SAYIKLAMALAR
Tek
isteğim gitmekti.
Gün
sonunda hep kalanlar arasında buldum kendimi.
Tek
isteğim gitmekti. Vicdanî açıklama gereğini reddederek ve başımı öne
düşürmeden, taşımadan geride kalana yönelik pişmanlık. Sırf kendimi
hatırlayarak, kendime kanarak sırf, tek isteğim gitmekti. Yalnızca
rastlantısal, ayaküstü bağlara yetirerek sabrımı, her gün kaç kahır boyu
uzayarak nasıl büyürmüş beklemek, görmeden.
Gitmek.
İlk
gençlik cennetiydi. Her şey, yolun kendinden ibaretti. Hayatın insanla barışık
olduğuna inandığım bir çağın sarsılmaz kehanetiydi. Yollar herkese hep gitmek
için var sanırdım. Gidenlerin ardından yol gözlemek düştü payıma.
Ne
olur direksiyonu sağa kırmasam, düz devam etsem? Sağa hep kaybolunca gidilmez
mi? Belki de ben gereğinden fazla kaldım kendimde. Kendime yerleştim. Dizlerine
kadar uzamış memeleriyle üstünü örttüğü hayatın hayalî anılarıyla avunan
neneler kadar ezelden beriyim. Benim için gidecek bir yer, artık olmadığından
mı? Hep sağa gitmekten kaybolduysam peki? Volta atarak tamamladığım adım
sayılarından, su üstünden geçen yollar yaptıysam kendime?
Ne
olur bir kerecik düz devam etsem? Sorun etmediğimin sorumlusu olmaktan, bu
konserve dünyamın gök kubbesini taşımaktan yoruldum. Atlas vazgeçse!
Peki
ya Üzüm Teyze? O hiç gitmek istemez mi? Belki de o, gitmek kurbanıydı. Üzüm Teyze.

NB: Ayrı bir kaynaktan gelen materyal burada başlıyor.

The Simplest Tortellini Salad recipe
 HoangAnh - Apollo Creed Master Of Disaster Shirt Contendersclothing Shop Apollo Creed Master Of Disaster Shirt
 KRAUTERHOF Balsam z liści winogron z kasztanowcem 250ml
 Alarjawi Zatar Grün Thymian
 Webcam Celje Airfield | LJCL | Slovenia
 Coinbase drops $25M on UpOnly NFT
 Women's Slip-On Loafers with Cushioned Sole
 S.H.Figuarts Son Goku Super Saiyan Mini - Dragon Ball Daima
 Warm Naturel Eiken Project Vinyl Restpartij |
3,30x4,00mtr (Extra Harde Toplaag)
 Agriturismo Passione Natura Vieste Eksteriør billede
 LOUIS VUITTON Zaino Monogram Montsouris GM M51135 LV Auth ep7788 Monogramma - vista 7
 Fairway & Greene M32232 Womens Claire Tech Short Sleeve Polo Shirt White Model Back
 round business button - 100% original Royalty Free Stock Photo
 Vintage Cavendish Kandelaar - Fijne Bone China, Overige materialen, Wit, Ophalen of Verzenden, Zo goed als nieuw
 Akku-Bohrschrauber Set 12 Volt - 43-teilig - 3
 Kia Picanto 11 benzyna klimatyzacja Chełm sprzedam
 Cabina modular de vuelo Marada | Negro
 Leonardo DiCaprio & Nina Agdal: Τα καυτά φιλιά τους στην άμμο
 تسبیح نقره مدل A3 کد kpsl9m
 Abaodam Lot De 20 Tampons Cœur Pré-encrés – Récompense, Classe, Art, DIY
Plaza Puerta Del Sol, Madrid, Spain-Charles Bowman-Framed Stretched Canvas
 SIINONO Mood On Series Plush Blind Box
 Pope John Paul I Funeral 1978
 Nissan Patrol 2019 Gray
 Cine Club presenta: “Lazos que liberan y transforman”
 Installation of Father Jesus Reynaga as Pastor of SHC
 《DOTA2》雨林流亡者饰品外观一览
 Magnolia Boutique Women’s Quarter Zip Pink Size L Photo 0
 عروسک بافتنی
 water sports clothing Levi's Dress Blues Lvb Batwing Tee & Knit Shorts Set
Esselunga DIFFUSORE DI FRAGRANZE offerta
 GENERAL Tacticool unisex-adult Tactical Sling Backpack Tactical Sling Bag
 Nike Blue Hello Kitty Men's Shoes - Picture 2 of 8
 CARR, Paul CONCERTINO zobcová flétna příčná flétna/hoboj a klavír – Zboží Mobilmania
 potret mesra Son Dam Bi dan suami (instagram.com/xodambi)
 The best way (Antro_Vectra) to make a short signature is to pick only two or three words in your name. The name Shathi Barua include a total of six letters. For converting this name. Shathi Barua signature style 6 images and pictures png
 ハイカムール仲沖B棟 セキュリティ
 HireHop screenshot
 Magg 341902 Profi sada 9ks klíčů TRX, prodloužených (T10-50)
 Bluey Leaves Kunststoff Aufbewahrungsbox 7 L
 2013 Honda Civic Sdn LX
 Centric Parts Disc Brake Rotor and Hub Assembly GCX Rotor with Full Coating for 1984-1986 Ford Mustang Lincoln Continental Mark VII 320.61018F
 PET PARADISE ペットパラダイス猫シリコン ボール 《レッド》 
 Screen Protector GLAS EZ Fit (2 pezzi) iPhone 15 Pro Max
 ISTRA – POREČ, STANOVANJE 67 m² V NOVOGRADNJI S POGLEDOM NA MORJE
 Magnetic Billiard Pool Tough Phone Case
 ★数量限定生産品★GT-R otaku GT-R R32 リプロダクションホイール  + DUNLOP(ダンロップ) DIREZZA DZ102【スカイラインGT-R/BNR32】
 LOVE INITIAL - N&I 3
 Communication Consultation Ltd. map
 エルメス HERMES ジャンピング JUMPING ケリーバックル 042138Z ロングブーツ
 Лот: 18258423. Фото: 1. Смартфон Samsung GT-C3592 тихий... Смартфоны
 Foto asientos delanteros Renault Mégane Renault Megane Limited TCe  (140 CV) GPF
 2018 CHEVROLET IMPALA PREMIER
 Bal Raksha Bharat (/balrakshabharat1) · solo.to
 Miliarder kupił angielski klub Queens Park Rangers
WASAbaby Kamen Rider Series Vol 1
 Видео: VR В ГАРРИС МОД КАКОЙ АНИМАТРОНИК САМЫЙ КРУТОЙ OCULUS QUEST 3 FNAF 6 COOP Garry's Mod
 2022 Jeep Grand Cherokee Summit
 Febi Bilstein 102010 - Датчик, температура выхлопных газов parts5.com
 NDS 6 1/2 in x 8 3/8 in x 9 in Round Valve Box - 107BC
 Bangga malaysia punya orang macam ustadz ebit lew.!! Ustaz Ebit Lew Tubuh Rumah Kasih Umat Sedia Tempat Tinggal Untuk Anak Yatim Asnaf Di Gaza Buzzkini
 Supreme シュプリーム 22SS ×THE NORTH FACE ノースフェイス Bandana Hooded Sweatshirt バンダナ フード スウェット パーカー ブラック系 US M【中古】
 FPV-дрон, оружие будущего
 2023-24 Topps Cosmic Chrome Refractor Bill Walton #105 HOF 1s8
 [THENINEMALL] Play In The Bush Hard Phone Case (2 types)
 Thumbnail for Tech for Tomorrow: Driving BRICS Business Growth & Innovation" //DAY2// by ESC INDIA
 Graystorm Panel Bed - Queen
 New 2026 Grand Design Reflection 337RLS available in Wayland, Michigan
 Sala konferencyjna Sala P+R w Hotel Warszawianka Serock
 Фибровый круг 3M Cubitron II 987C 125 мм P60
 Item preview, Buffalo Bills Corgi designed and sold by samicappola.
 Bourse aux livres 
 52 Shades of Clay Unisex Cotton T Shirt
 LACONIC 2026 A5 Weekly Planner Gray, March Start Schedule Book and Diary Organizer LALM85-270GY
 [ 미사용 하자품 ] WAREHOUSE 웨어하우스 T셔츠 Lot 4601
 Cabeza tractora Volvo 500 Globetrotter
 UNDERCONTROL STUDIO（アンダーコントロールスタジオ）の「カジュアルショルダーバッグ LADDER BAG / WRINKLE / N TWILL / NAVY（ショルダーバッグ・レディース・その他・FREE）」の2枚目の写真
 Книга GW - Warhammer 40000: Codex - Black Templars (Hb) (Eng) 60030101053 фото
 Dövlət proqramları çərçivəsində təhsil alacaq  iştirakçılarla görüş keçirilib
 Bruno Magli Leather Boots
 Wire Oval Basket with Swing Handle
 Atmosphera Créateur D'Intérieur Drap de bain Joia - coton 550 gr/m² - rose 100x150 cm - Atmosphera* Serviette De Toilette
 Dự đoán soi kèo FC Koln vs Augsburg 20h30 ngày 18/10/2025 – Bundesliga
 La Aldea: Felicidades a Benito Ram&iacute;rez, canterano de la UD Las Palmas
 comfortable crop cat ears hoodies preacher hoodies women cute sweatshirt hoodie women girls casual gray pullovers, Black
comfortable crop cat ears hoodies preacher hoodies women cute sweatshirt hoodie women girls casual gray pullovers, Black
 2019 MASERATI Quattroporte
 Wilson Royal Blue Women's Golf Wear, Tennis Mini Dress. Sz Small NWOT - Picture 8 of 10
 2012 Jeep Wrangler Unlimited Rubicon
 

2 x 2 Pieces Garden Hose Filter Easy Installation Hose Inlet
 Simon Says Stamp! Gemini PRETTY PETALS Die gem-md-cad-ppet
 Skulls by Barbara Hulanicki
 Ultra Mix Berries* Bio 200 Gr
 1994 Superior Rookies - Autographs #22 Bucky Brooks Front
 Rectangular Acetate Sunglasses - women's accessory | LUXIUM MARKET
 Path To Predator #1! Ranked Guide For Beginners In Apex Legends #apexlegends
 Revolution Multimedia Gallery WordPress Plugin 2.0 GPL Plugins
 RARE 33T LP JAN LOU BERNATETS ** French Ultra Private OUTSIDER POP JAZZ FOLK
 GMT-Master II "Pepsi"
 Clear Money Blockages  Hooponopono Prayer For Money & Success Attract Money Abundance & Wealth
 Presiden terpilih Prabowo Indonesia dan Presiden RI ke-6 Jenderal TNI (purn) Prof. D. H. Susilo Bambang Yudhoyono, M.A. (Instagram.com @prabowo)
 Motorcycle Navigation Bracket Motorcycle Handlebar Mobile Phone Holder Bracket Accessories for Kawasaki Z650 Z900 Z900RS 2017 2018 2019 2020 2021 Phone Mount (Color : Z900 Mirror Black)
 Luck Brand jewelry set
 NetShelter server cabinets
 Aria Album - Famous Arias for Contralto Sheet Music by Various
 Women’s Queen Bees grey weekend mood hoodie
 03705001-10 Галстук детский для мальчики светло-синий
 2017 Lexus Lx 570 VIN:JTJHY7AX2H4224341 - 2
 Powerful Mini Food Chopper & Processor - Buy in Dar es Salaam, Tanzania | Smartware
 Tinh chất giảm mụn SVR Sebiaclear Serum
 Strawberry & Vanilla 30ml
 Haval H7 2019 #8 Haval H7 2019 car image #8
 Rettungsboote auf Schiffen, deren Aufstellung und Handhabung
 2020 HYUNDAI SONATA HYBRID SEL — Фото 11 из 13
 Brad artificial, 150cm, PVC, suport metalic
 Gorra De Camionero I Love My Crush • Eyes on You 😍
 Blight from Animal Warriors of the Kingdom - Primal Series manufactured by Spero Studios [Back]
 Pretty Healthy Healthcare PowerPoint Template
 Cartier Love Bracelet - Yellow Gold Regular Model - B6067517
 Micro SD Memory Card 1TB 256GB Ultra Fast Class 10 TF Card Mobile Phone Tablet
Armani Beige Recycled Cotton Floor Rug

Asmalı bahçenin düşmüş salkımı. Mor çiçekli yeşil minderinin üstünde, dizlerine
çektiği muşambaya usul usul inerken kar taneleri, uzun yıllar önceki bir gitmek
yüzünden pişmandı. Bildiği tek gitmek hayali evdi belki. Var mıydı bir evi?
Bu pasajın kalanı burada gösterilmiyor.